Nereden çıkıp gelir bu insandaki hiyerarşi ve bir ağa, şebekeye, gruba, klana, şirket, organizasyon ya da sosyal ağa bağlanma dürtüsü? Niall Ferguson ‘modern kamu meydanı’ olarak nitelenen internetin doğumuna kadar geçen sürede, insanlar arası ‘şebekeleşme’ serüveninin peşine düşüyor. ‘İnsan ancak bir devletin, bir şirketin ya da dikey düzenli (hiyerarşik) benzer bir kurumun örgütlenme merdiveninde yer aldığı basamak kadar güçlü’ olabiliyorsa, hele bugün ‘şebeke çağında’ yaşamakta isek, bu tesadüfi midir? Evrim antropologlarına göre beynimiz ‘kolektif beyin’ karakteri kazanmakla, homo dictyous, şebeke insanı olma ve eşsiz sinir şebekesiyle de şebeke kurmak için yaratılmış gibidir. ‘Yazılı dilin icadıyla başlamak üzere bütün olup bitenler yeni teknolojilerin şebeke kurma yönündeki doğuştan gelme, kadim içgüdüyle’ bağlantılıdır. Ve 19’uncu yüzyıldan itibaren de fiziki, sosyolojik gerçekliğin dışında mecazi anlamına kavuşan ‘şebeke’ kelimesi, bugünkü karşılığına, kentleşmeye bağlı, elektrik, su, telefon, televizyon, ulaşım, bilgisayar gibi şebekelerin örülmesiyle kolayca kavuşmuştur.

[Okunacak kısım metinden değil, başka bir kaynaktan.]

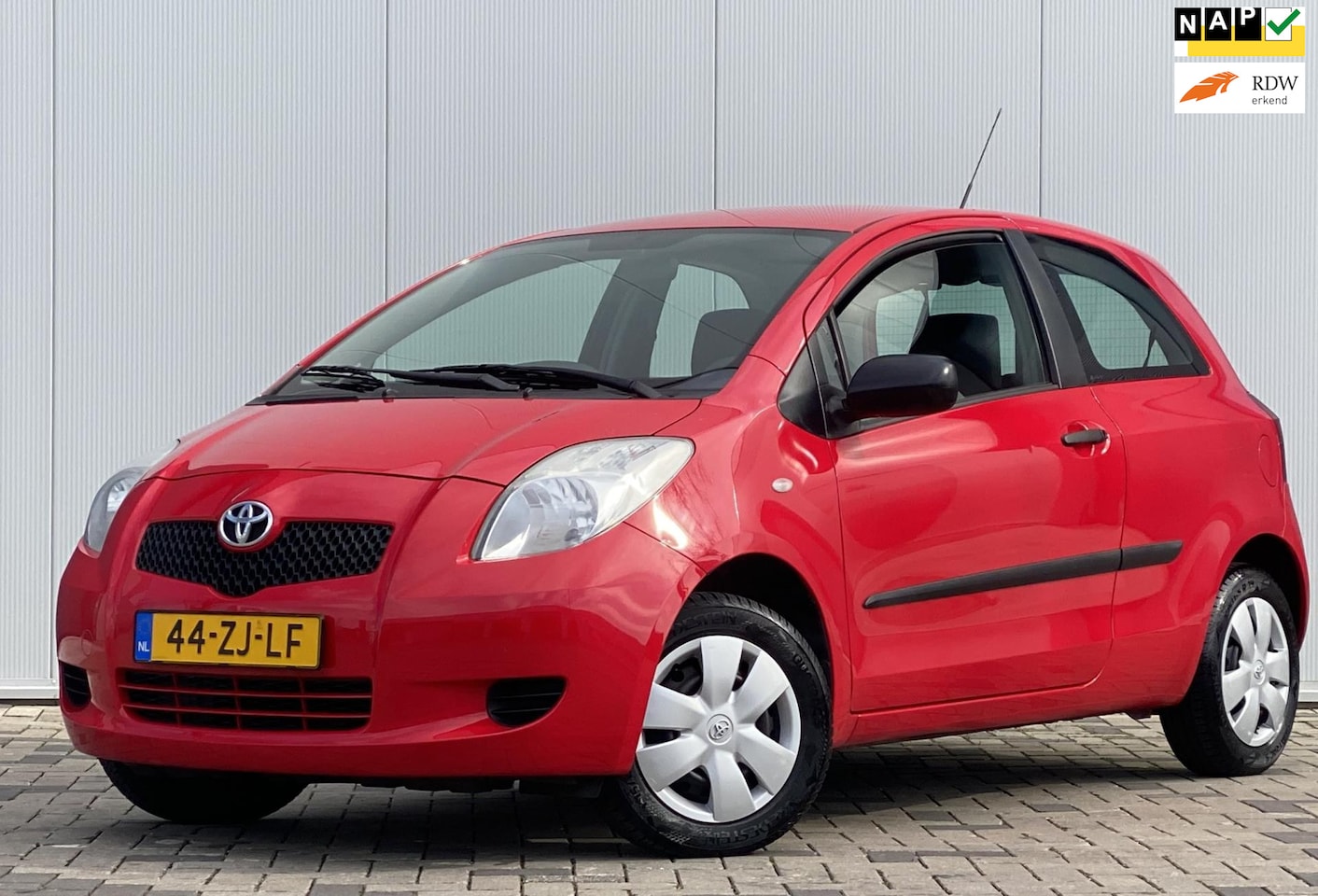 Toyota Yaris - 1.0 VVTi 3 DEURS 1STE EIGENAAR IN PERFECT STAAT - AutoWereld.nl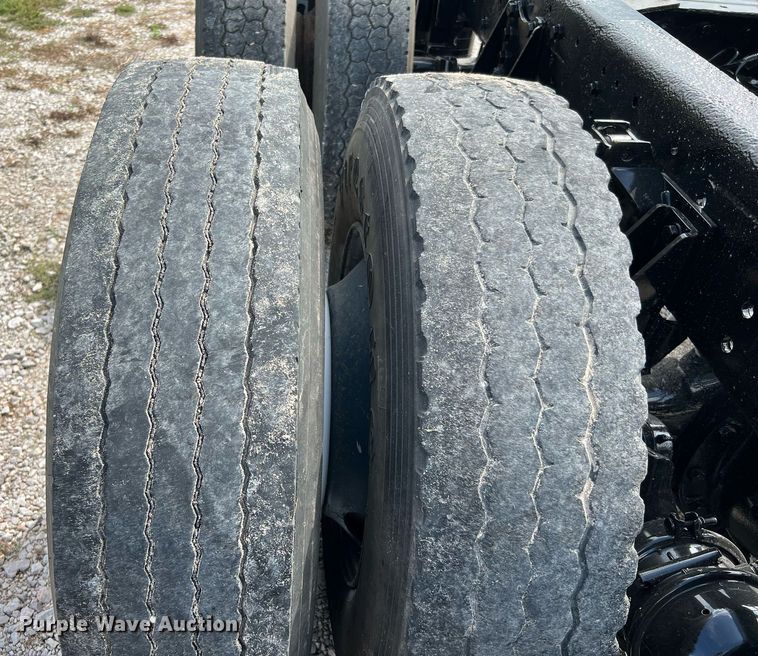 image for item DQ2222 2002 Kenworth T800  truck cab and chassis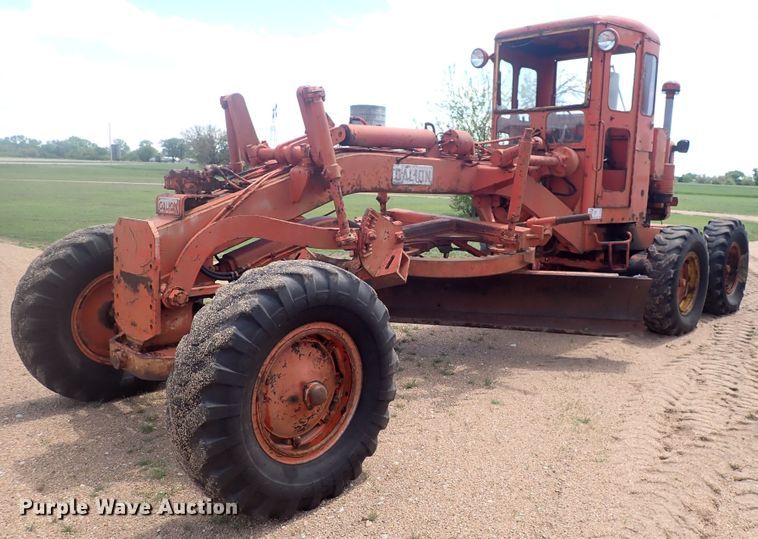 image for item DP4630 1960 Galion 104  rigid frame motor grader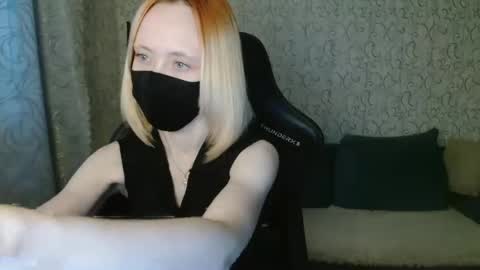 Snapshot of rebesaolset chatting on 02/19/25, 02:44 RebesaOlset online show from 02/19/25, 02:44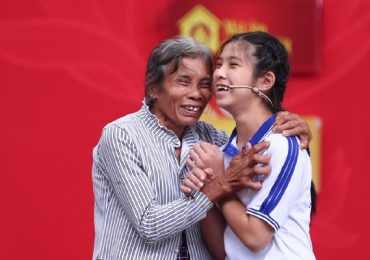 MC Quyền Linh và ‘Mái ấm gia đình Việt’ đến Bình Định để giúp đỡ 18 gia đình em nhỏ mồ côi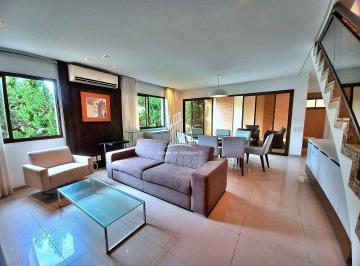 Casa · 181m² · 3 Quartos · 3 Vagas · CS2245-Casa em Condomínio, 3 suítes à venda no Edson Queiroz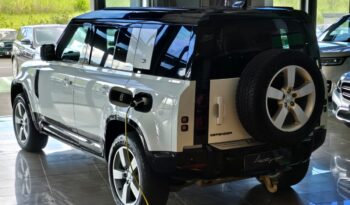 
										Land Rover Defender 110 P400e full									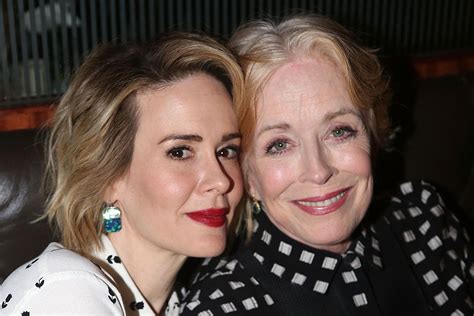 how long have sarah paulson and holland taylor been dating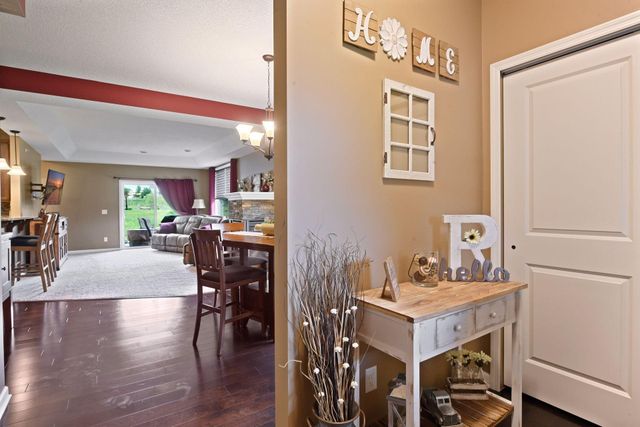 1106 Lorraine Court, Carver, MN 55315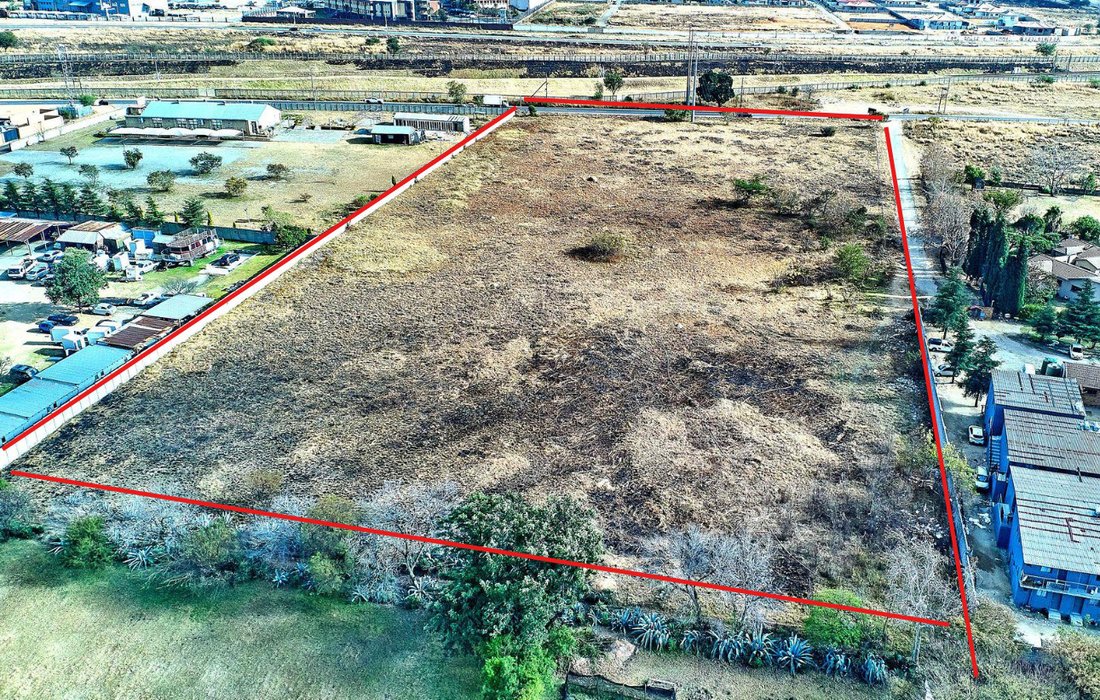 Land in Midrand, Gauteng, South Africa 3 - 19109962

İlluminati Tarikatı’nın kurulmasından Facebook ve Twitter’ın doğuşuna kadar geçen sürede edebiyatın, felsefe ve coğrafi keşiflerin hazırlayıcı rolü ve etraflarında örülen komplo teorileriyle dolu hikâyeleri eleştirel süzgeçten geçiren Ferguson doğaya, insan tabiatına döner sıklıkla. ‘Tarihin büyük bölümünde hayat hiyerarşik olmuşsa’, ‘doğanın dayattığı ve fiziksel güç ile zihinsel yeti üzerine kurulu bir hiyerarşi hep yaşamışsa’, hatta ‘devletin insan doğasının öngörülebilir bir sonucu’ olduğu söyleniyorsa, ‘internetin köklerinde ordu-sanayi kompleksinin yatmakta oluşuna’ da şaşırmamak gerekir.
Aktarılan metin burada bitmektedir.